What I particularly liked was the classification of the gardens with symbols alongside the garden giving an idea of its type – among them botanic, edible, somewhere for a plantsman, rooftop or gardened for wildlife.

There are some unusual entries: Changi Airport in Singapore takes its green space so seriously there are around 500,000 plants there and the airport runs its own nursery. Among the ‘Green Escapes’ for weary travellers are an orchid garden and a butterfly garden with about 1,000 butterflies. It’s almost worth making a journey there.

Alcatraz is another place that wouldn’t spring to mind if you were looking for an urban oasis but it has seven gardens and Musgrave tells us they “provide fascinating insight into the lives of those who lived – and gardened – there.”

Green Escapes
Skip Garden, London. Photo: Global Generation/John Sturrock.

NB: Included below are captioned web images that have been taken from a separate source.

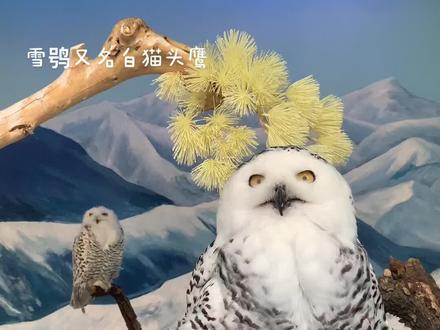 #带你走进画里 #动物世界 这大哥长得漂亮。雪鸮又名白猫头鹰。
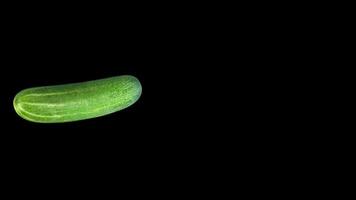 green cucumber vegetable Salad burst of in black Background video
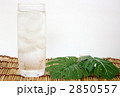 おいしい水よこ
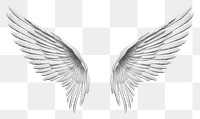 PNG Wings drawing sketch white.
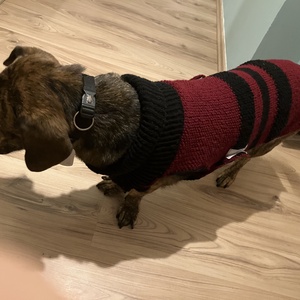 Egyedi, méretre kötött kutyaruha nagy- és kistestű kutyáknak � próbával, garanciával., Otthon & Életmód, Kisállatoknak, Kutyáknak, Kutya ruházat, Kötés, Varrás, MESKA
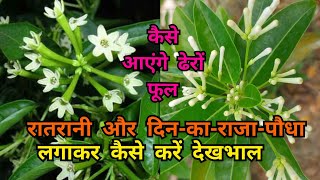 दिनकाराजा cestrum diurnum  रातकीरानी की देखभाल कैसे आऐंगे ढेरों फूलday jasmine plant [upl. by Homans]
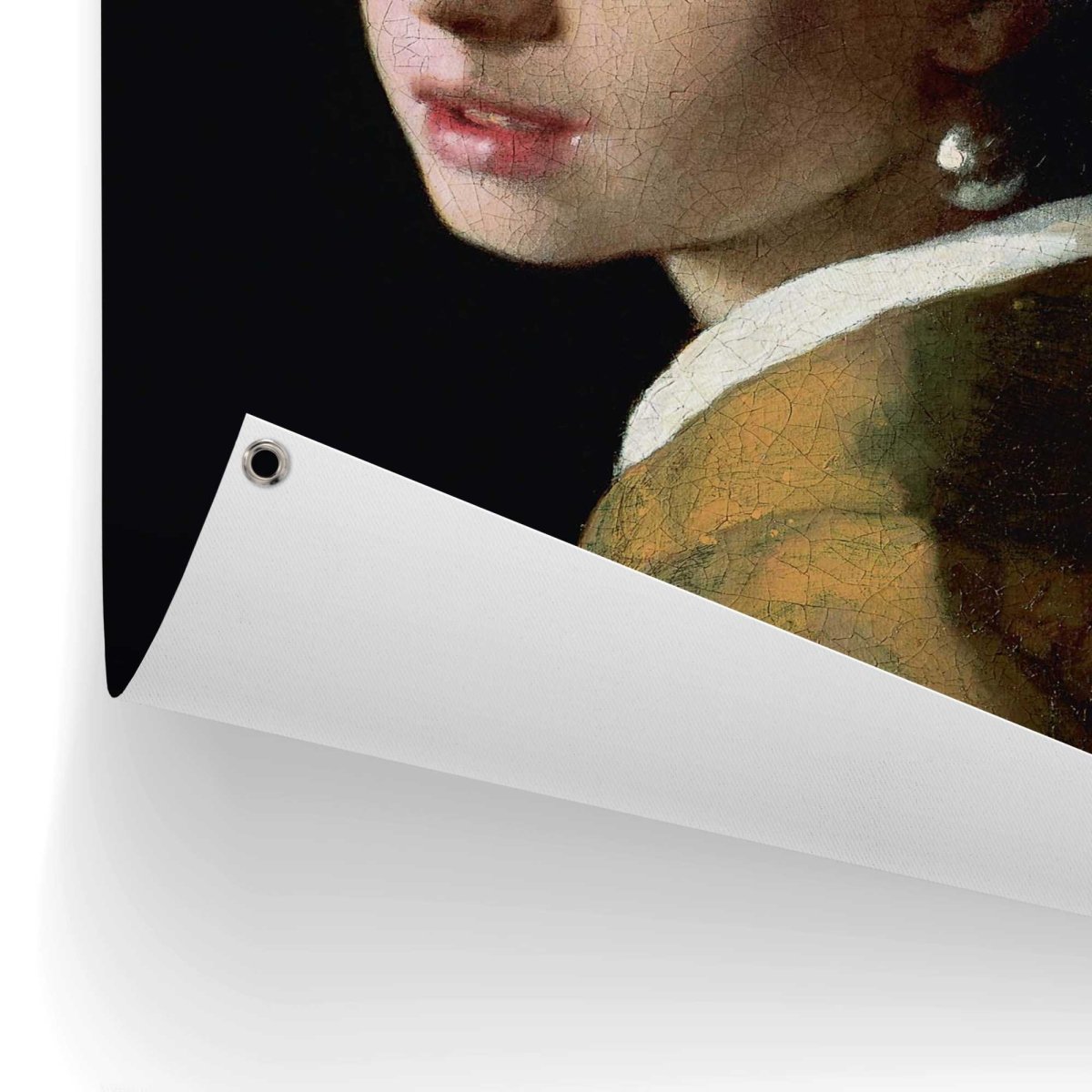 Tuinposter Vermeer Meisje met de parel 80x60 - Reinders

Cemeteries feature several times, including one in Kolkata in India filled with monuments to early workers in the British East India Company, and St Peter’s Cemetery in Salzburg. It is described as “one of the world’s prettiest cemeteries” and was used as a location in the film of The Sound of Music.

Some of the gardens have a sad history. Wendy’s Secret Garden in Sydney was created by Wendy Whiteley as a way of dealing with grief after the deaths of her husband and daughter.

Others champion community spirit. King Henry’s Walk Garden in London has seen volunteers transform a piece of derelict land into an organic garden and King’s Cross in London has a skip garden with flowers and veg grown in easily moved containers – it’s already on its third site.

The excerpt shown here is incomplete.